Three-Pane Trace Evaluation (eval_trace)

The eval_trace display splits one agent trace into three synchronized panes (Reasoning, Function Calls, and Final Answer) so an evaluator sees what the agent thought, did, and produced at a glance. Built for continuous evaluation.

The eval_trace display splits a single agent trace into three synchronized panes: Reasoning, Function Calls, and Final Answer.
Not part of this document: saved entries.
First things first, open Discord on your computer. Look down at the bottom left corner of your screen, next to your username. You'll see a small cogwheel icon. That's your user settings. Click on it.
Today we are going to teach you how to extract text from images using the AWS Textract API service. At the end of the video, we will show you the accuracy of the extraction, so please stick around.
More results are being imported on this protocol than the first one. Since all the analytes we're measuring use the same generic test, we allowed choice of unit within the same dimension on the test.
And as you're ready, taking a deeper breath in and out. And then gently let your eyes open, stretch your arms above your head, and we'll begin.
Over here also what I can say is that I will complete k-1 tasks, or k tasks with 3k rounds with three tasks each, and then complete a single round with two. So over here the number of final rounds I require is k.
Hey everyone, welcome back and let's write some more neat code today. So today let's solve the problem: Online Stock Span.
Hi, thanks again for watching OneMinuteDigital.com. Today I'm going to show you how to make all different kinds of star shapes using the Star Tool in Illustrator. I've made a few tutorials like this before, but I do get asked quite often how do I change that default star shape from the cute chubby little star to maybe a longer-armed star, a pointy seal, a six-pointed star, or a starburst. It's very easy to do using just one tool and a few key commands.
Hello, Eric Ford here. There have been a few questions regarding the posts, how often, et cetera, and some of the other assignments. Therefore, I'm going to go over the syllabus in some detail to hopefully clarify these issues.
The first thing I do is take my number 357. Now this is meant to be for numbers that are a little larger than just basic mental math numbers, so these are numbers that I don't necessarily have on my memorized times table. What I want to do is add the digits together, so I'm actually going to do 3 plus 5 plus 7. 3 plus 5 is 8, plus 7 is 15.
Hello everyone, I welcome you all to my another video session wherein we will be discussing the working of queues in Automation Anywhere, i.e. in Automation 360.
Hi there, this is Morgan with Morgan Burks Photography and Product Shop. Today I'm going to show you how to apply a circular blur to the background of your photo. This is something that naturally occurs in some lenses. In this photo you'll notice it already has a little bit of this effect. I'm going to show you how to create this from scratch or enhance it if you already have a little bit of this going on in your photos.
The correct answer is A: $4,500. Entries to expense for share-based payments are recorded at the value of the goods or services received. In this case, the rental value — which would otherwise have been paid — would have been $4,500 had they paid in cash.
An evaluator sees what the agent thought, what it did, and what it produced side by side, which suits continuous evaluation where new traces arrive and must be judged quickly.

Unlike a vertical agent-trace display that stacks an interleaved trace in one column, eval_trace decomposes one trace into its three semantic components, so the structure of the agent's behavior is visible without scrolling.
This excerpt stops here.